Un especialista en Shakespeare (Malkovich), acompañado por su conflictiva esposa (Deneuve), visita un convento portugués en busca de los documentos que necesita para probar su tesis: que el dramaturgo era en realidad un judío español de nombre Jacques Pères. En el curioso convento encontrarán a un turbador sirviente -que pronto podemos identificar con el mismo Lucifer- y a una bibliotecaria (SiIveira, la espléndida protagonista de El valle Abraham) que encarna la pureza... además de ser un tentador cebo para el investigador. Entre estos personajes, que son observados por una pareja de servidores, se establecen, relaciones de atracción y rechazo, de seducción y codicia, con continuas invocaciones a Goethe y Werther, a Homero. y La Ilíada, a Shakespeare, a Nietzsche, al ocultismo y la cábala.

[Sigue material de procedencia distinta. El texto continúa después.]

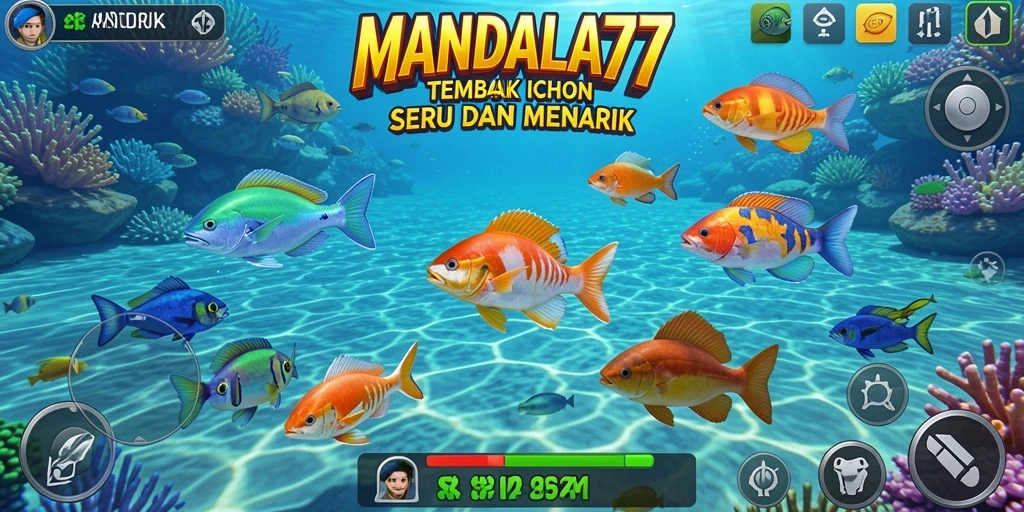 Tampilan menarik gameplay MANDALA77 saat menembak ikan.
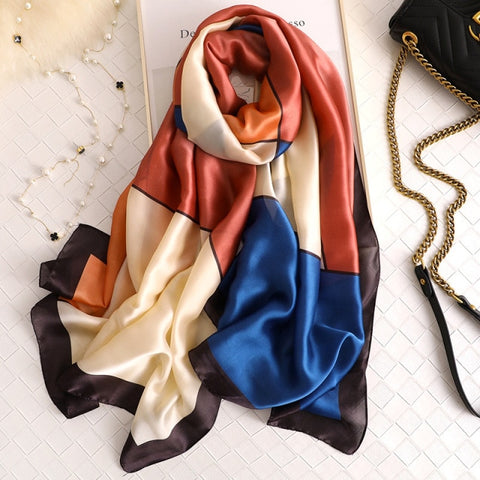 New Summer Women Silk Scarf Beach Hijab Shawls and Wraps Female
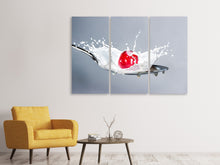 Lade das Bild in den Galerie-Viewer, Leinwandbild 3-teilig Kirsche mit Milch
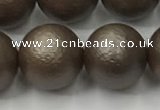 CSB2516 15.5 inches 16mm round matte wrinkled shell pearl beads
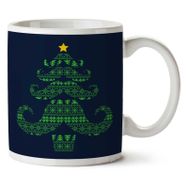 Art Hediye Christmas Moustache Tree Iki Tarafı Baskılı Kupa Bardak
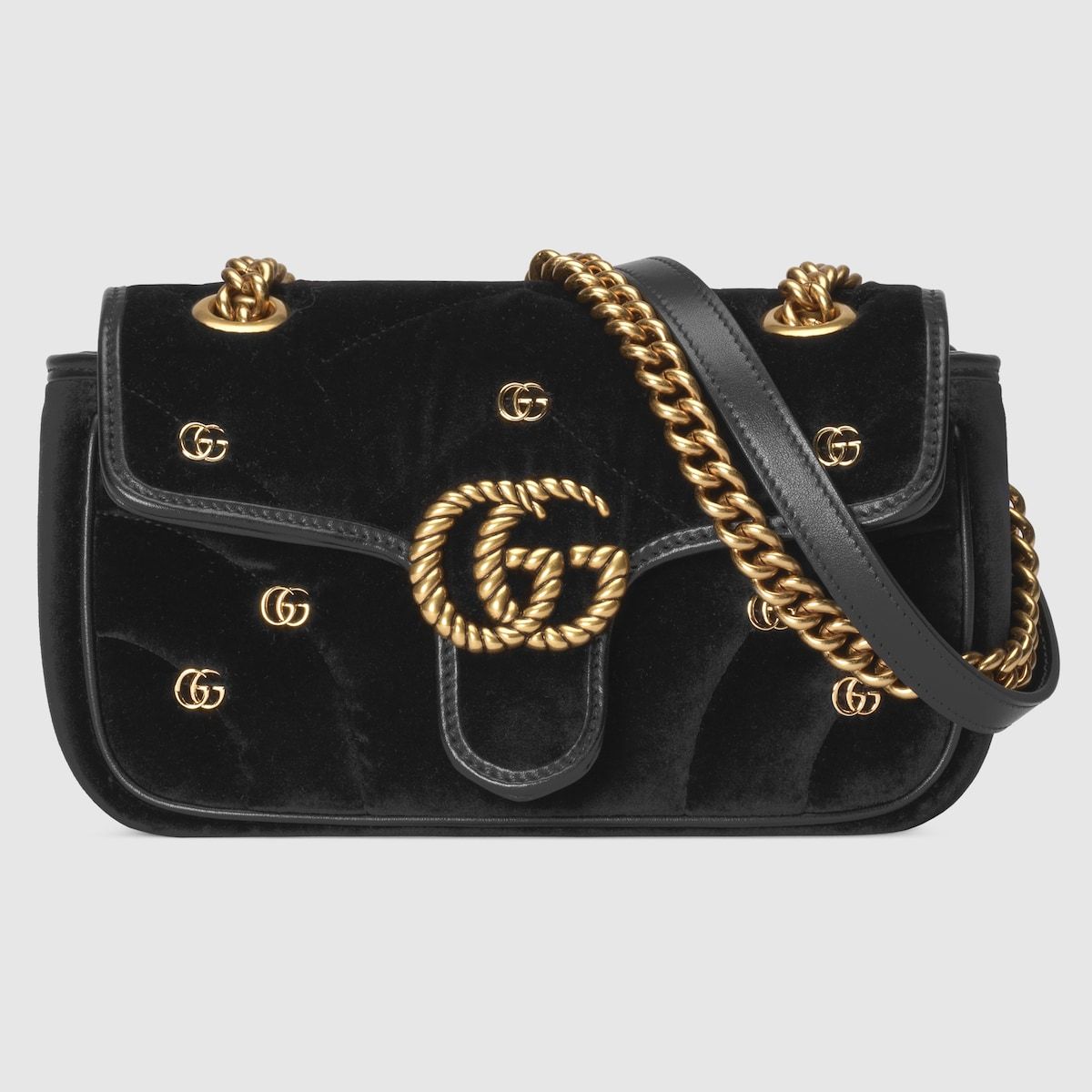 Gucci Gg Marmont Mini Shoulder Bag Black Velvet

Tradición, pues, y de la mayor. Pero no crea el lector que Oliveira se conforma con evocar sus ecos. Muy al contrario, la emplea funcionalmente para provocar la acción de sus personajes, y para dar de ella una visión a medio camino entre la reivindicación jocosa y la desmitficación. Que todos los que la invocan se enreden en inútiles ceremonias, mientras que los dos servidores, que ocupan en cierta forma el lugar del espectador en la ficción puesto que son los observadores de los hechos, son los únicos capaces de vivir una relación desdramatizada y vital que pasa por la cama, es sólo una de las muchas ironías que se permite Oliveira a costa de sus torturados, personajes.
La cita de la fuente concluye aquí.